■ EXTRACTED RECORDS:

┌──

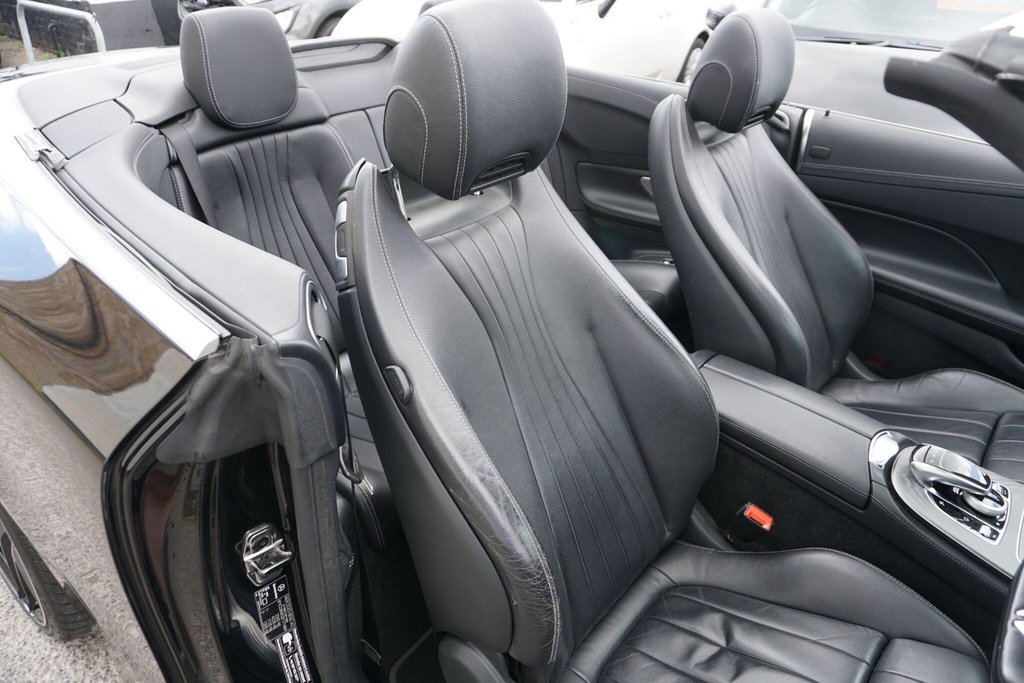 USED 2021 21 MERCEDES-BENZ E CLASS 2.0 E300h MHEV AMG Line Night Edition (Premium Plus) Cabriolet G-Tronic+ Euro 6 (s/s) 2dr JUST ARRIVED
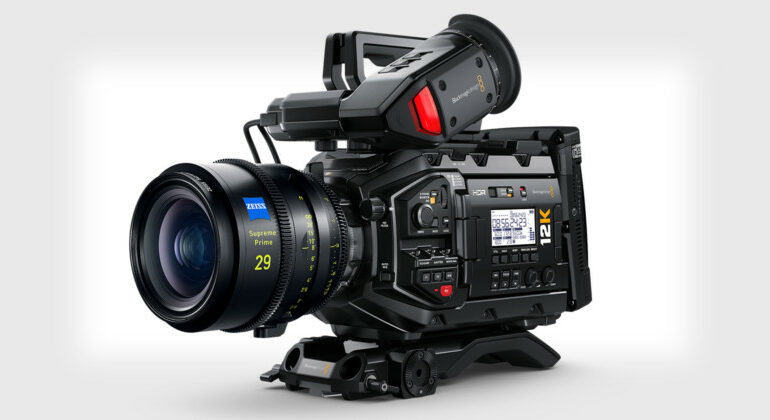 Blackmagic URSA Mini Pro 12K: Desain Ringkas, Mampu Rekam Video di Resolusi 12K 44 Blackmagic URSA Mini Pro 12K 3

└──
┌──

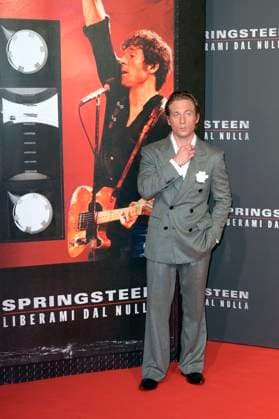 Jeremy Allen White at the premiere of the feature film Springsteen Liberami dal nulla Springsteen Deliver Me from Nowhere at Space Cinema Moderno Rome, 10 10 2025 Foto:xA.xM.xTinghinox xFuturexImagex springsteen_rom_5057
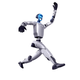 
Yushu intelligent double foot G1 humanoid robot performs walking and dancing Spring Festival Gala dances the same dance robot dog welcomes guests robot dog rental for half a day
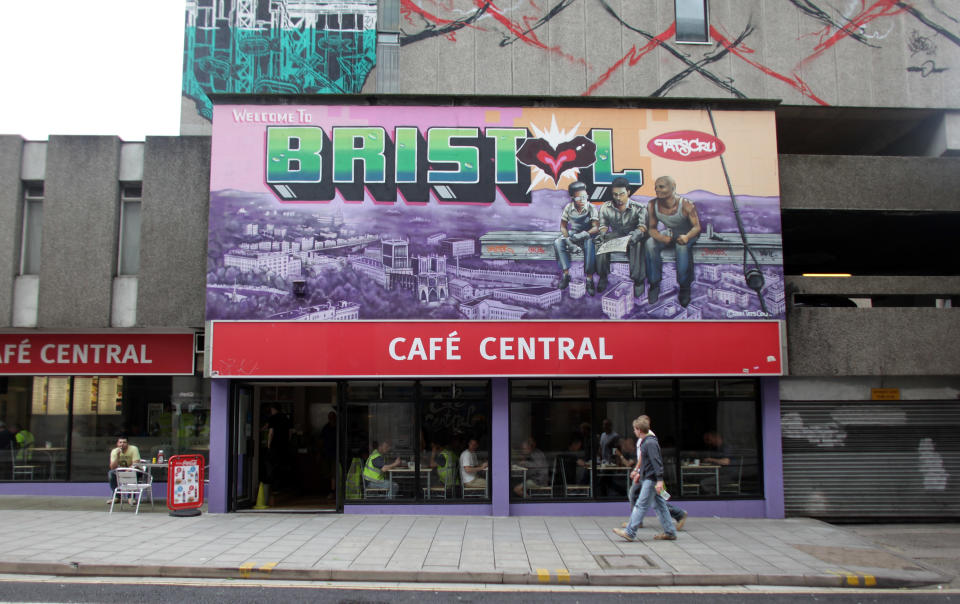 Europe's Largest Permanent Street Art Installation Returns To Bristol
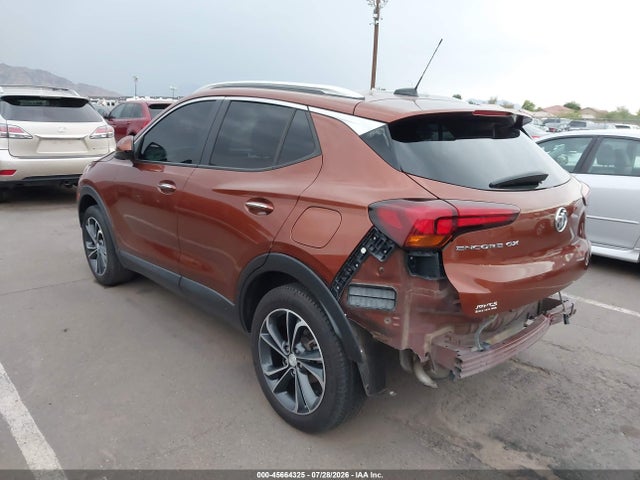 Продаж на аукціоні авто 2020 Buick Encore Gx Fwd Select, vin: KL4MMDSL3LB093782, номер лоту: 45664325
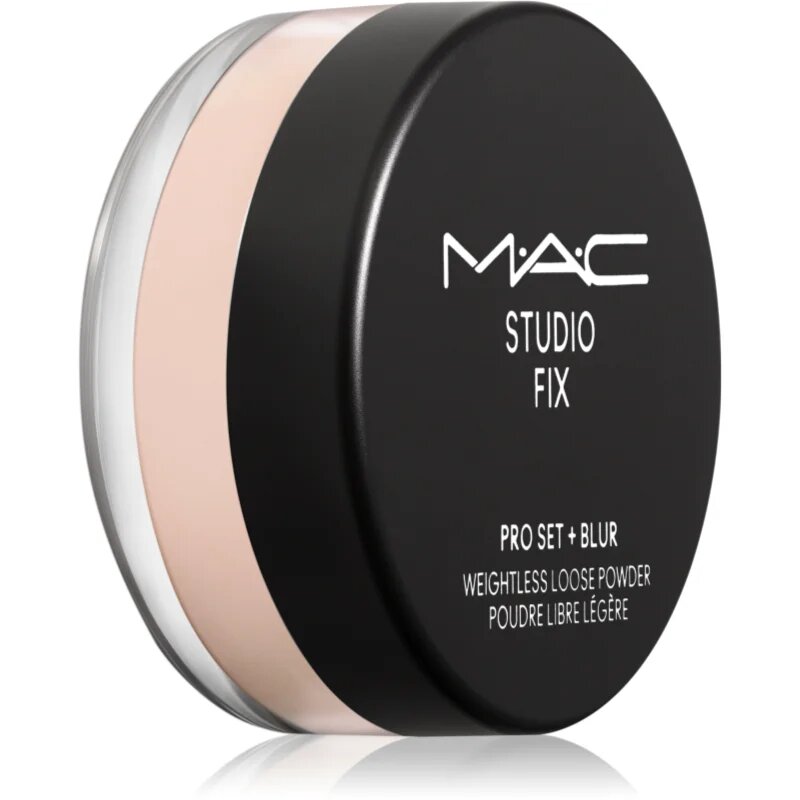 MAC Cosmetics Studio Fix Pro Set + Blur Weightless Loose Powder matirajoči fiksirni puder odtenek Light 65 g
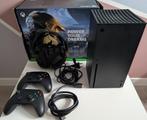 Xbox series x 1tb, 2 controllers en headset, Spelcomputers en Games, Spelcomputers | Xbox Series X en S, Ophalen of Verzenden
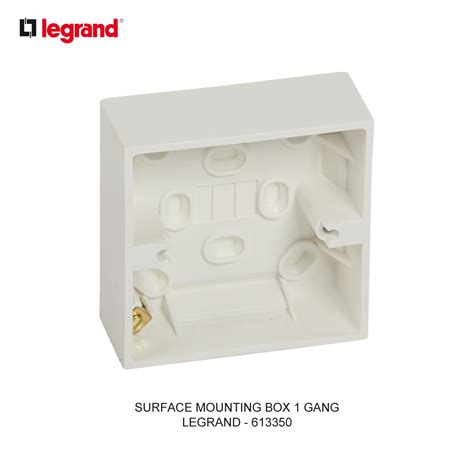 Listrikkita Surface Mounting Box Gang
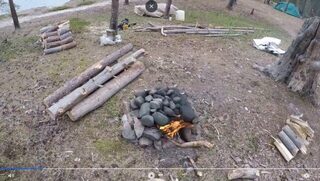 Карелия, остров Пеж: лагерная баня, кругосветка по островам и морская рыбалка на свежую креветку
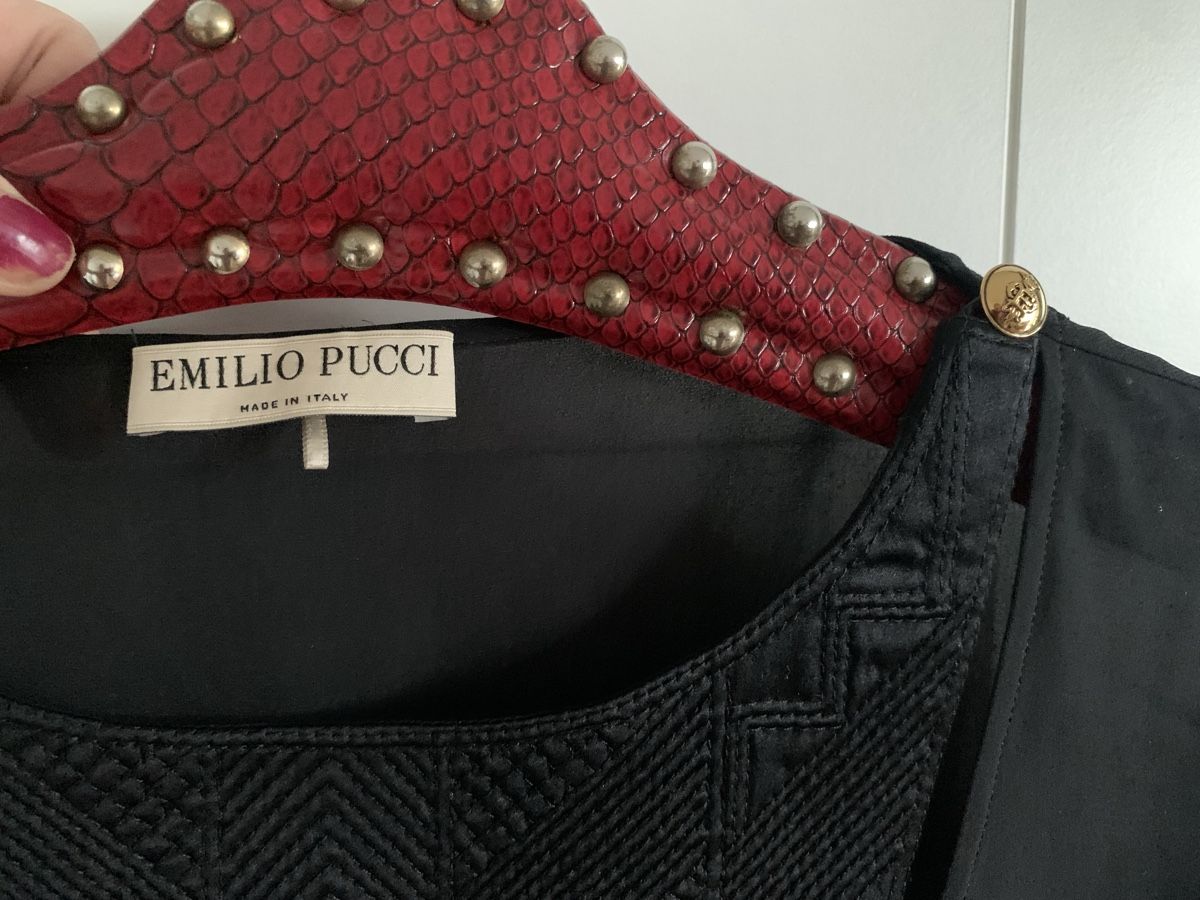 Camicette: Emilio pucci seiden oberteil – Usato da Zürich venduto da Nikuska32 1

└──
┌──

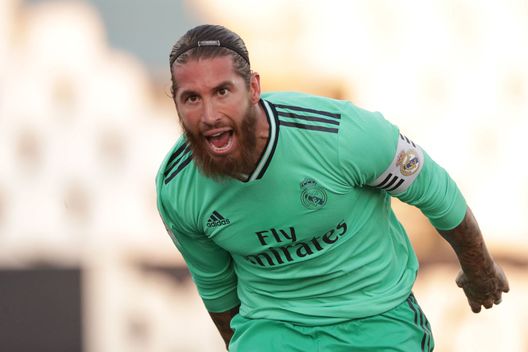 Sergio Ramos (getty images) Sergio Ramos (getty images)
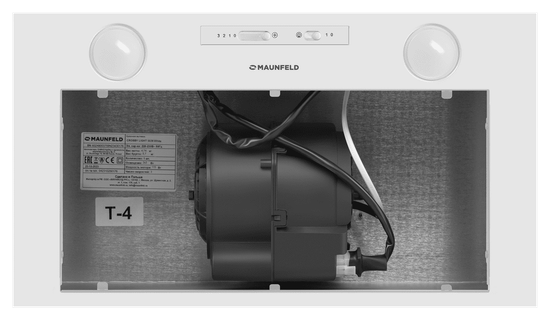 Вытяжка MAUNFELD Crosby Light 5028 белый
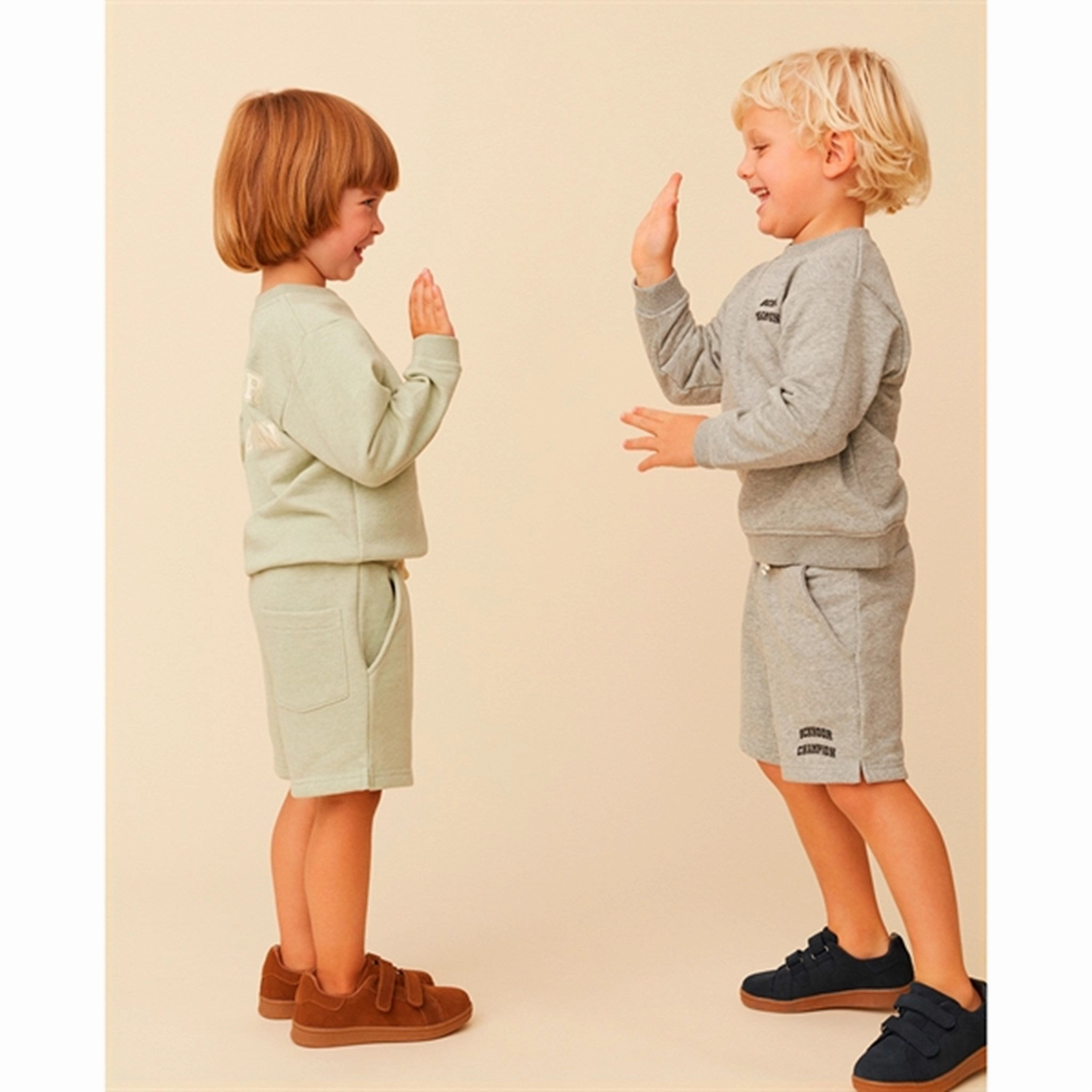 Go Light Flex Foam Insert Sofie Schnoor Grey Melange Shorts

└──

■ YOUR INSTRUCTIONS: With the pictures omitted, copy exactly the lines of the listing above starting at the line containing "USED 2021 21" and ending at the line containing "Blackmagic URSA Mini Pro 12K: Desain", both included.

■ REPLY TO THE EXERCISE:
 USED 2021 21 MERCEDES-BENZ E CLASS 2.0 E300h MHEV AMG Line Night Edition (Premium Plus) Cabriolet G-Tronic+ Euro 6 (s/s) 2dr JUST ARRIVED
 Blackmagic URSA Mini Pro 12K: Desain Ringkas, Mampu Rekam Video di Resolusi 12K 44 Blackmagic URSA Mini Pro 12K 3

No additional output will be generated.